| | Linz writes: >But Daniel, dear boy, this is precisely the point: Objectivism (which hasn't been around for centuries) insists that the meaning of words, properly identified, is an integral part of "propositions, plans & statements."
Ah. Now, what you are saying here seems perfectly commonsensical - perfectly commonsensical, but wrong, I think. Rather like the sun going round the earth is a perfectly commonsensical assumption - but wrong. For words themselves are vague, inherited, borrowed, adapted, ambiguous creatures, layered in history and subjectivity (and I don't mean this in a bad way - as I've said before, this is not a bug but a feature). On top of this, trying to define them too tightly creates two quite clear logical stalemates, both of which I've belaboured in the past, though apparently to little effect...;-)
So, because of the above reasons, and others, arguments about the meanings of words get bogged down quickly. However, things can be improved greatly by formulating these vague creatures into far sharper things like *problems*, and/or proposals plans etc.

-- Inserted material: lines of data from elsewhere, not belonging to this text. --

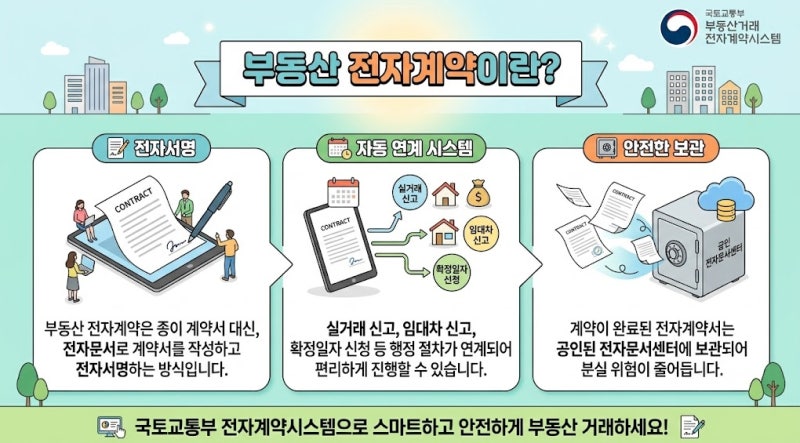 부동산 전자계약이란? 장점부터 확정일자·실거래 신고까지 쉽게 알아보기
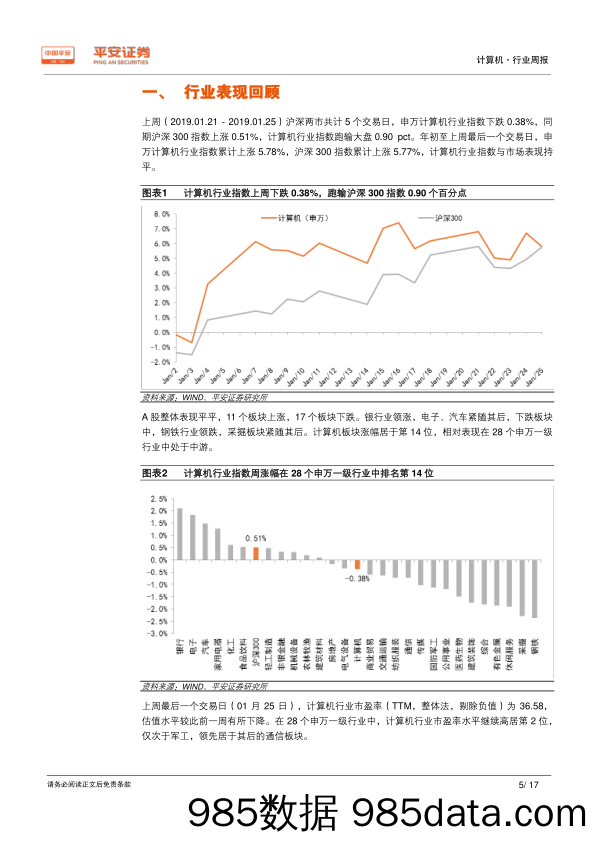 计算机行业周报：AlphaStar大比分战胜人类玩家，人工智能边界快速延展_平安证券插图4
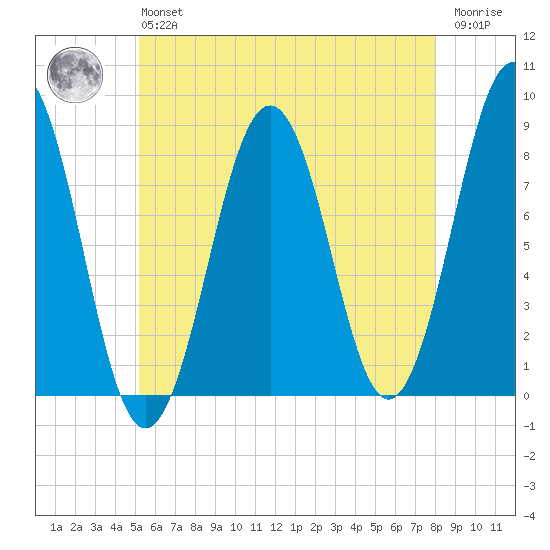 Damariscove Island tide chart for Monday, May 16, 2022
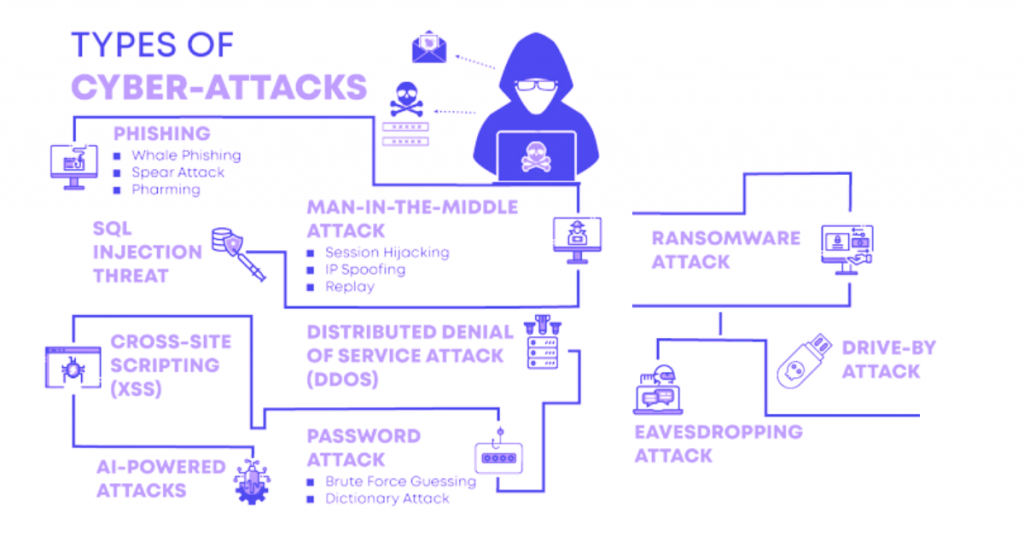 types of cyber attack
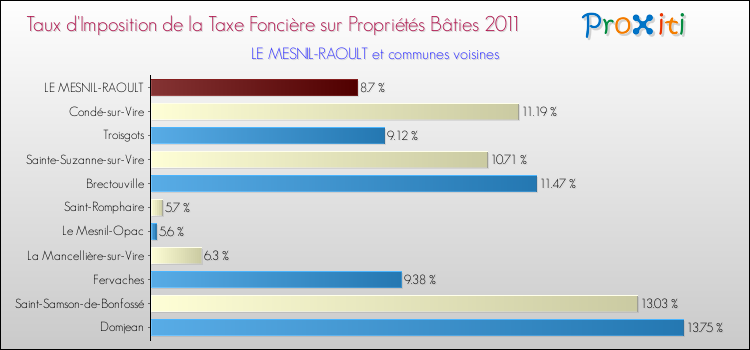 Taux d'imposition de la taxe foncière sur le bati 2011 pour LE MESNIL-RAOULT et les communes proches Comparaison des taux d'imposition de la taxe foncière sur le bati 2011 pour LE MESNIL-RAOULT et les communes voisines
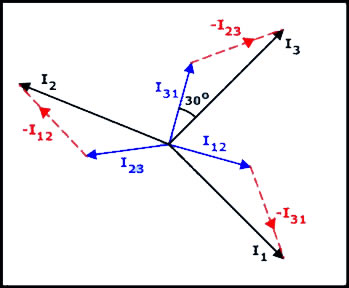 tensiones en triangulo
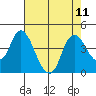 Meins Landing tide chart for Wednesday, August 11, 2021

For these can be examined and criticised far more clearly and easily than meanings, which require ever-vaguer defining terms. That's why pedants and phoneys avoid them like the plague, and stick to "playing with words" rather than come out and propose to *do* anything about their banal bigotries... Unfortunately, this Aristotelian briar patch not only provides convenient cover for the phoneys, but often entangles the best and brightest too, who think they have solved real problems with merely verbal solutions.
As Objectivism is based on Aristotle's essentialism, it is prone to this verbalist problem, as is analytic philosophy. I've cited it before, but at the risk of being boring one of the best examples of a purely verbal solution a real problem is Rand's proposed solution to the measurement problem in the IOE. Here she simply uses the phrase "absolutely precisely" instead of "roughly" - and considers the philosophical problem solved!
>They question-beg - set up an issue in such a way that its resolution must inevitably, via their pseudo-logic, lead to their pre-determined conclusions.
Uh-huh. That's the Scholastic modus operandi, and I think it is the inevitable result of adopting dear old Aristotle's essentialist method. Firehammer, Stolyarov etc are just singularly egregious examples.